Make sure that you have a model in the main directory. You can launch the example using the following line in order to create a quick classification model.

$ python ./example/build_linear_binary.py

or one of the scripts in the ./example folder

Configuration

  • variables.env: Controls API parameters via environment variables

  • requirements.txt: Controls Python packages installed inside the container

  • model.joblib: Model saved inside a dictionary with this format

    {
        "model": trained_model,
        "metadata": {"features": [
            {"name": "feature1", "type": "numeric", "accepts_missing": True},
            {"name": "feature2", "type": "numeric", "default": -1, "accepts_missing": False},
            {"name": "feature3", "type": "category", "categories": ["A", "B"], "accepts_missing": True}]}
    }

Run the service

On Docker

Build the image (this has to be done every time the code or the model changes)

$ docker-compose build

Create and run the container

$ docker-compose up

On local Python environment

Create the environment

$ conda create -n flask_ml python=3
$ conda activate flask_ml

Install requirements

$ pip install -r ./requirements-service.txt  
$ pip install -r ./requirements.txt  

Run the API service

$ python service.py  

Usage of the API

This example considers that the API was launched locally without docker and with the default parameters (localhost at port 5000) and its calling the example model.

For /predict endpoint the JSON string in the payload of hte request can take two forms:

  1. The first, the payload is a record or a list of records with one value per feature. This will be directly interpreted as the input for the model.

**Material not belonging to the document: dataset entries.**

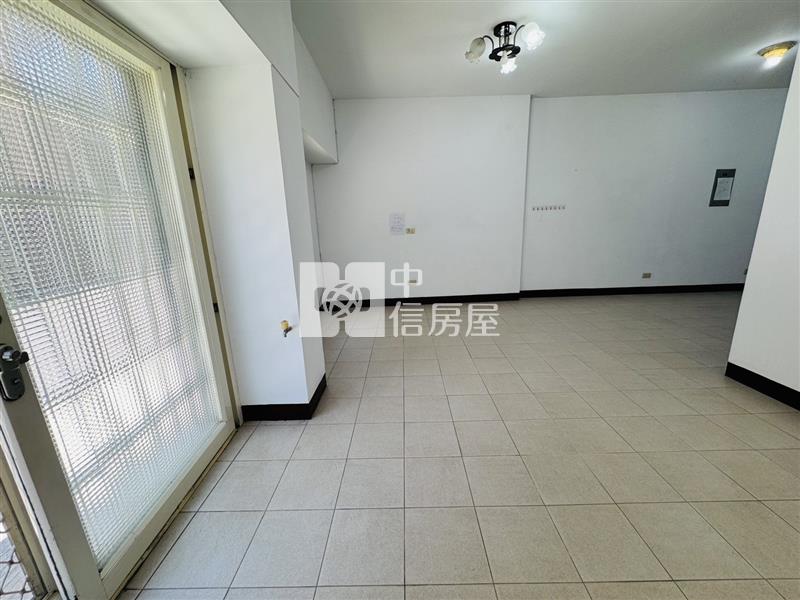 海華店住辦1+2樓|近SOGO房屋室內格局與周邊環境
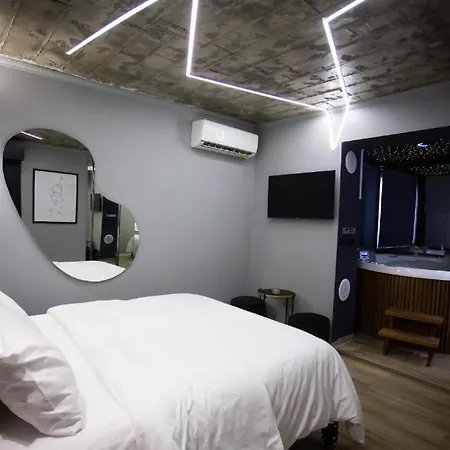 The Bubbles - Jacuzzi 酒店 地拉那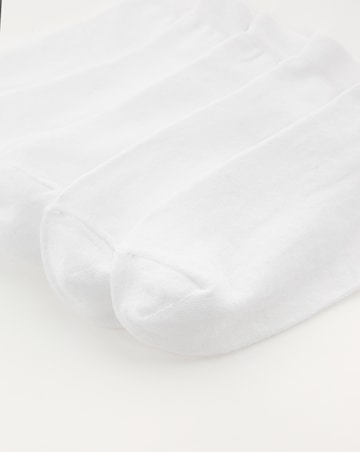 Pretty Secrets (5 Pair Pack) Super Value Trainer Liner Socks (Wide Fit) White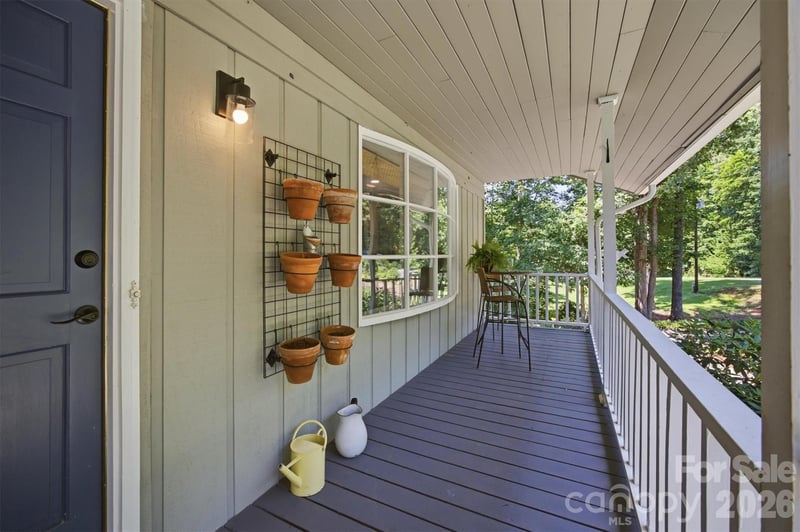104 Oakwood Dr, Morganton, NC 28655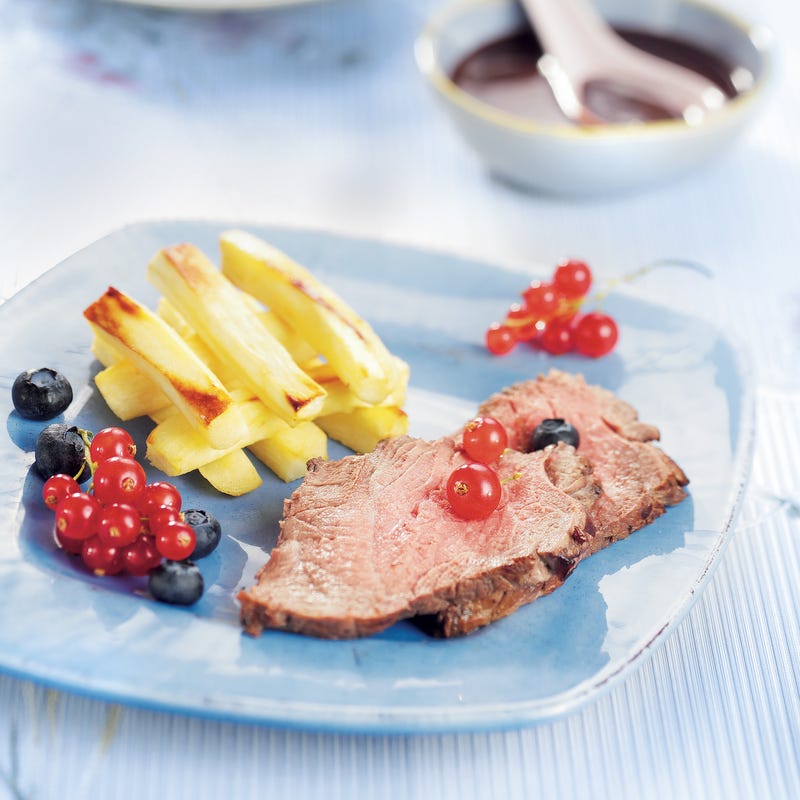 Filet de sanglier aux fruits rouges, frites de panais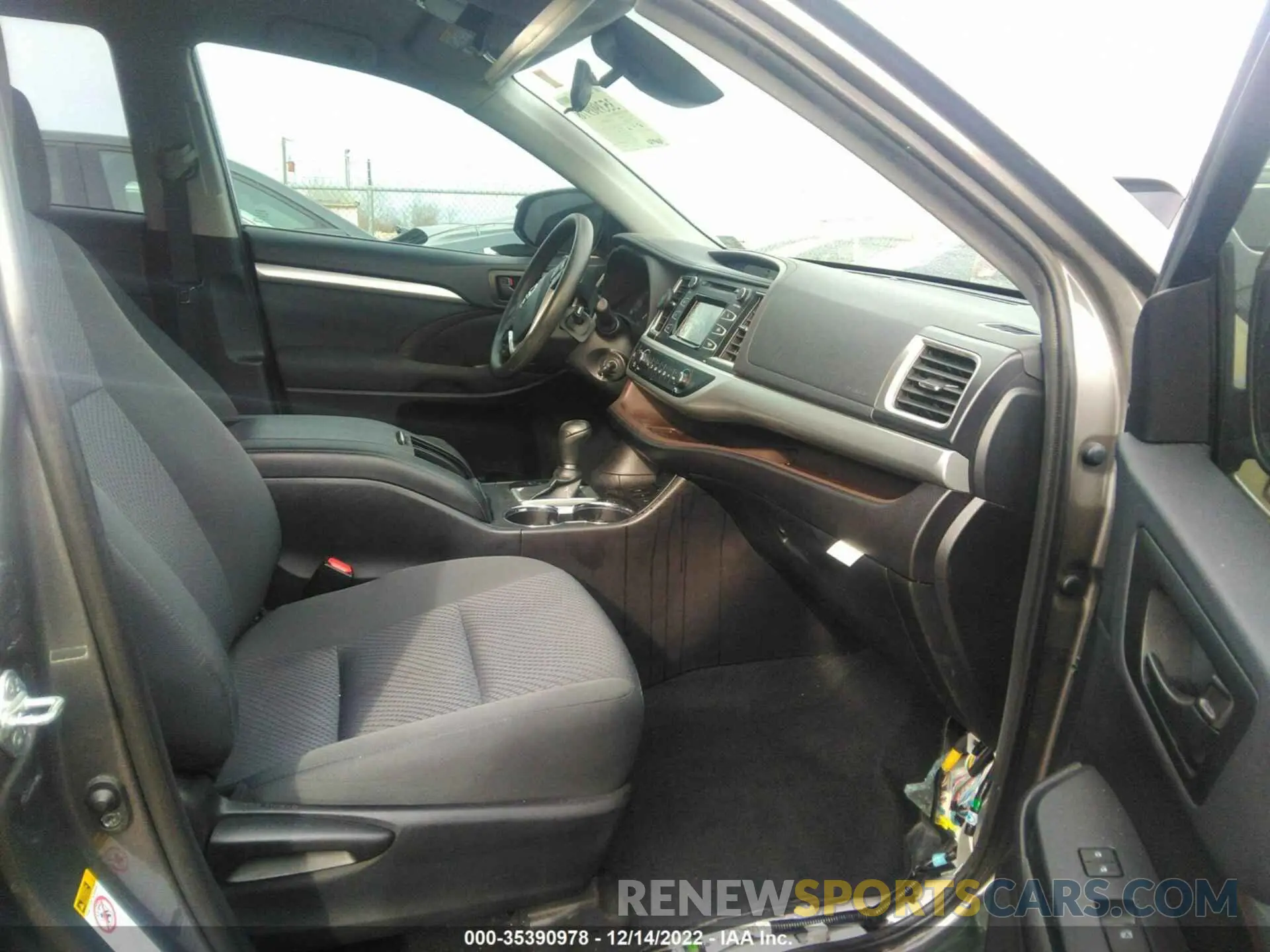 5 Фотография поврежденного автомобиля 5TDBZRFH4KS974919 TOYOTA HIGHLANDER 2019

  2. The second, the payload is a dictionary with 1 or 2 elements. The key _data is mandatory because this will be the input for the model and its format is expected to be a record or a list of records. On the other hand, the key _samples (optional) will be used to obtain different explanations.

If _samples is not given, then the explanations returned are the raw output of the trees, which varies by model (for binary classification in XGBoost this is the log odds ratio). On the contrary, if _samples is given, then the explanations are the output of the model transformed into probability space (note that this means the SHAP values now sum to the probability output of the model). See the SHAP documentation for details.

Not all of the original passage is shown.